During class, we briefly discussed Eisner’s portrayal of women in A Contract with God and Other Tenement Stories, and someone noted how all the women tend to be either a Madonna figure or the whore. Even though I think that the female characters throughout Eisner’s book are a bit more complex than the traditional good girl/ bad girl stereotypes, they are more so only through allusion to complexity rather than expressed complexity, and Rosie, the little seductress in “The Super,” is a great example.

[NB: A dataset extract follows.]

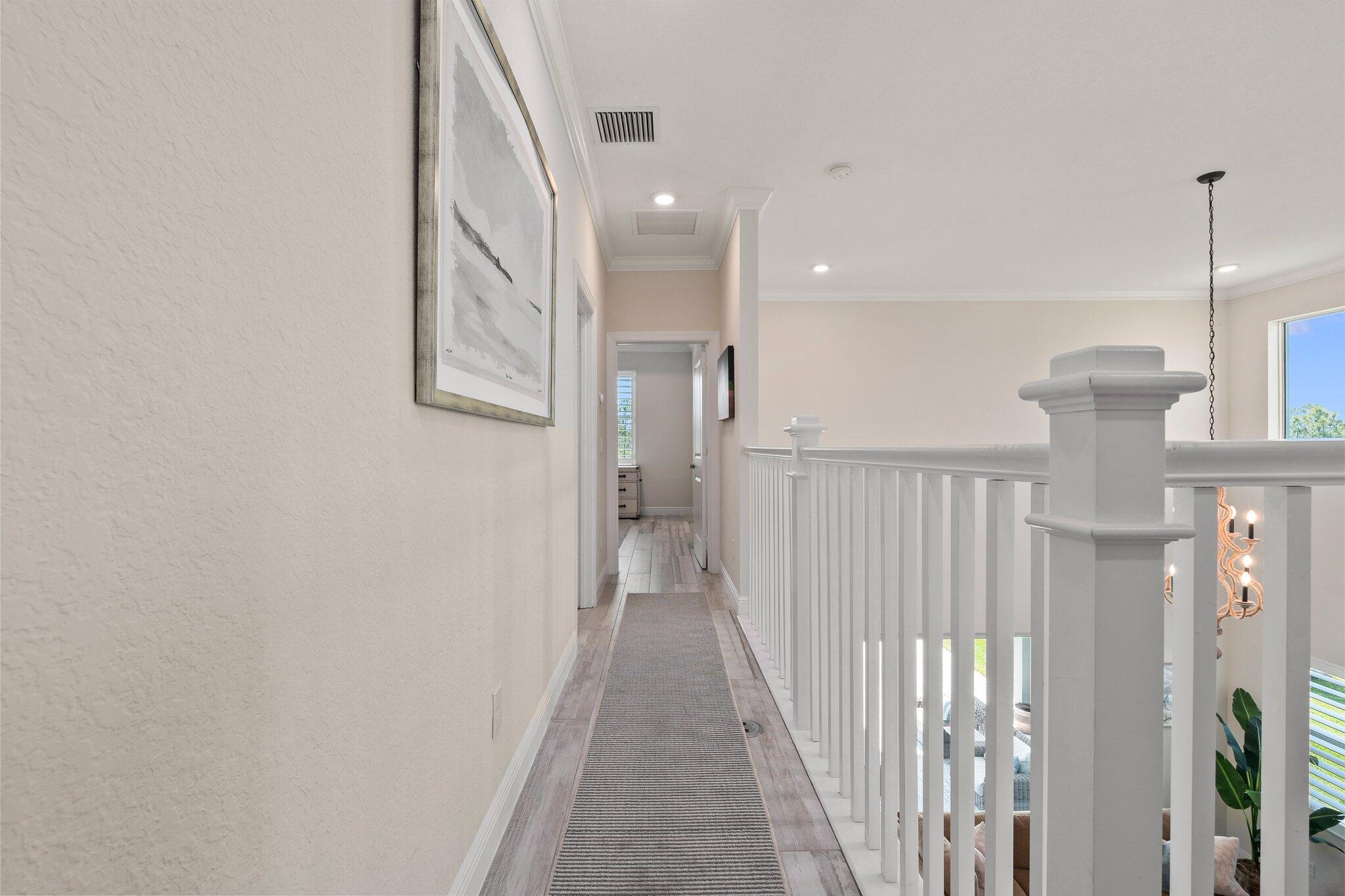 4701 Southwest Ardsley Drive Stuart, FL 34997 - Photo 29 of 83 a view of a hallway with wooden floor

The first time that the super, and the reader for that matter, is introduced to Rosie, she is wet and wrapped in a towel, fresh from a bath. Without any knowledge of her age, the shape of her body and her expression lead the reader to think that she must be at least a teenager; most ten year old girls do not have curves like that. Yet, when she visits the super, Mr. Scuggs, her short, collared dress, Mary Jane shoes, and scrunched socks allude that she is much younger than her first appearance, but her actions suggest that the outfit is a rouse; she offers to let Mr. Scuggs have a peak under her dress, kills his dog, and steals his money. It is only after her confrontation with the super, and his subsequent suicide, that we learn that Rosie is only ten years old; however, when she is sitting on the step, singing and counting the stolen money, she again looks much older than ten years old.
To me, it is very interesting that the only time that Rosie looks her age is when she is using it to con Mr. Scuggs. This suggests that Rosie is a much more complex character, yet we only get to know the super, Mr. Scuggs, in any sort of intimate way. We feel sympathy for him even though he is a very flawed character; he is an anti-Semitic pervert. Yet, we are not led to feel sympathy for Rosie, a ten year old who uses her body to manipulate and steal. It is in that way that Eisner’s story and illustrations allude to Rosie’s character’s complexity. We only see her bad side, but we never know what happened to the good.